Final thought, when will the Post Office start selling Amazon Shipping as a consumer carrier service? That would mean taking money for selling a label and there’s no way that can take place on a smartphone – cash in the Post Office has to go through the till and that means Horizon. Are you thinking there are more problems with this deal than upsides with the exception that it’s great PR for the Post Office contracts negotiation team?

8 Responses

  1. Post office staff still look at you with a blank expression when you turn up with a pre paid Royal Mail sack and dont know what to do.

  2. Well here is the next issue. The post office have spent years closing post offices and moving them into other stores, reducing their size.

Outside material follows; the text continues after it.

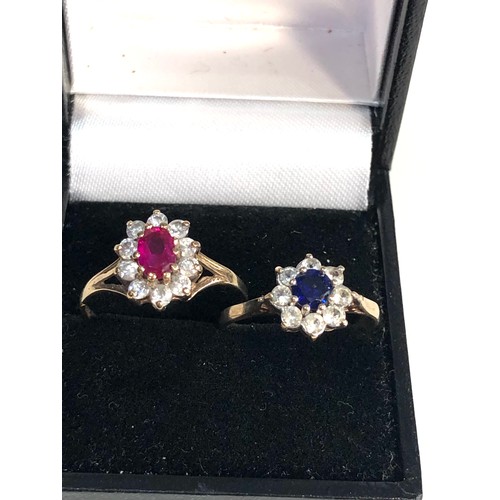 385 - 2 x 9ct gold halo set rings weight 3.6g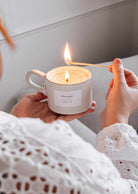 Person lighting a reusable eucalyptus candle in a ceramic cup with a wooden matchstick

Now what we have is a compnay trying to bring in more and more parcel business… but where will the space come from? I have had parcels turned away before becasue the person dealing with me said they simply had no more space to store anything!
    Sadly the post office have been as blinkered as royal mail the last 10 years and now it is playing catch up with it’s hands behind its back.
    In our local shop, the post office is also staffed by shop staff… this has already led to many not really knowing what they are doing and having to wait for another member of staff to be free to be able to help. We went from 2 counters to 1 counter and now sometimes no actual post office staff!
    I see this all ending in confusion and customer anger. As for ebay? Of course they are talking to the post office, just not about doing business. They will get round to that in 5 years time when the boat has sailed. Then they will be setting up a system where the post office is punished should a customer fail to take their parcel to them or collect it within a set time frame!

  3. “it’s still a highly significant deal as it’s the first time the Post Office have handled services for any carrier other than Royal Mail”

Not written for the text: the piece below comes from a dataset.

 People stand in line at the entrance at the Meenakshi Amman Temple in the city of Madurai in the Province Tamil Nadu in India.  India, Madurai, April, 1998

    Uhhh… I’ve been using the post office for Amazon pick ups for several years now.

    Change your site name to lamebay.com

  4. Amazon is so unethical. Look through Google. Tax dodging and lots more. …..

  5. Did anyone else spot the Freudian slip…
    “We wish the Past Office good luck with traceability and figuring out which clerk accepted a particular parcel if they all use the same phone.”

  6. Perhaps the deal is bad for both sides… The thing is Amazon can burn so much cash that they could probably afford to acquire the PostOffice together with RM along.

  7. The laugh of all this is that Post Offices are closing at such a rate that this is all going to become rather academic if the current trajectory continues !

  8. Never known amazon to be unethical.
    And they apparently pay the exact taxes required, just like the rest of us.

    However post offices – should be an interesting move forwards. Is a bad deal better than no deal? The same building, the same staff, the same utilities – so any deal for more business is potentially more profit. So long as the extra business can be catered to.

    Now if there isn’t sufficient space at the post office to store intake of mail, perhaps that needs looking at. More frequent collections, shifting stuff around to store more, even moving the counter forward to make more space back of the counter.
    Don’t know about anyone else but my local post office has a storeroom for stock. Can add dozens of bags in there – what can’t happen is the small post van sent out to the village post offices in our area getting full at 5.15pm – and no additional van will be sent (be 6.30 before could get an empty van there).
    Too much by way of parcels and royal mail would have to send bigger vans or more vans.
    So could see a knock on effect in costs.